You are viewing content for 4.4 | 4.3 | Previous Releases


Server Configurations

Set the following options to configure your server.

Clustering Server Configurations

Configuration Property: Zookeeper Connect String

  • Analytics Service Restart Required? Yes
  • Loader Service Restart Required? Yes
  • Description: Provide the Zookeeper connection string.

Configuration Property: Distributed Task Manager Type

  • Analytics Service Restart Required? Yes
  • Loader Service Restart Required? Yes
  • Description:

Configuration Property: Kafka Consumer Service Name

  • Analytics Service Restart Required?
  • Loader Service Restart Required? Yes
  • Description: Provide the Kafka consumer node name (if applicable).

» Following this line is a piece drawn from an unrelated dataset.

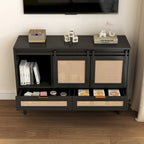 Mueble de TV y Almacenamiento con Puerta Corredera Tipo Granero, Color Madera / Negro, Requiere Montaje por 2 Personas, Para TV de hasta 43"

SQL Interface Server Configurations

Configuration Property: Default SQL interface port

  • Analytics Service Restart Required? Yes
  • Loader Service Restart Required?
  • Description: Provide a number for the port used to connect to the Incorta engine from other BI tools, and run queries against the data loaded in memory. In this case, if the query is not supported by the Incorta engine, it will automatically be routed through Spark to be executed. You can choose to bypass the Incorta engine and run queries directly using Spark against data loaded in the staging area using the “Data Store (DS) port” property.

Configuration Property: Data Store (DS) port

  • Analytics Service Restart Required? Yes
  • Loader Service Restart Required?
  • Description: Provide the port number to use for running queries directly using Spark against data loaded in the staging area.

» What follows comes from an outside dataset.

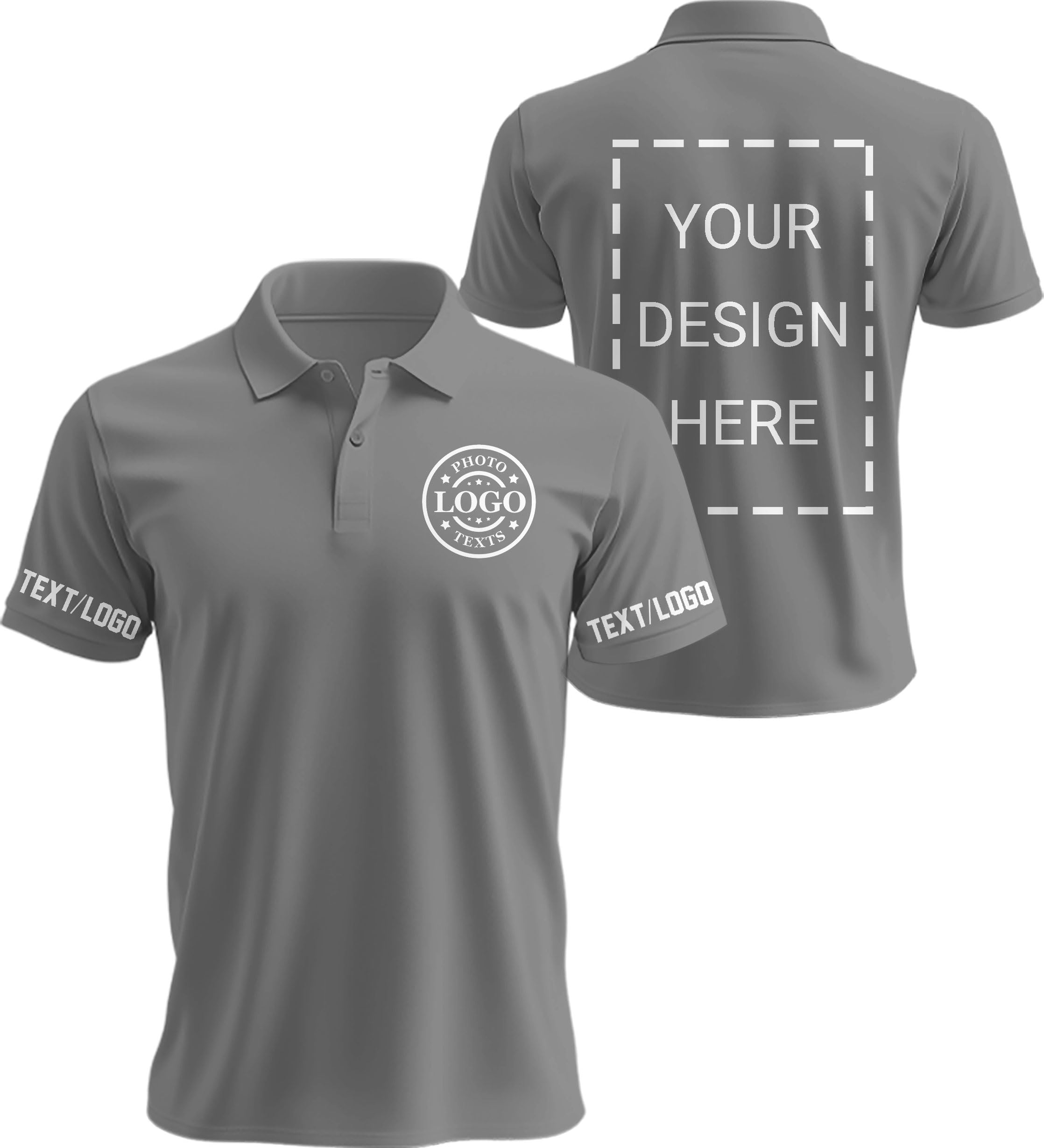 Custom Golf Polo Shirts for Unisex Adult, Design Your Own Golf Jersey Personalized Gifts 4 Sides Printed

Configuration Property: Enable Connection Pooling

  • Analytics Service Restart Required? Yes
  • Loader Service Restart Required?
  • Description: Enable this option to create a pool of open connections between external BI tools and Incorta Analytics. Enabling this option avails multiple connections to improve the query response time, and save the time of establishing a new connection every time data is needed for the SQL interface.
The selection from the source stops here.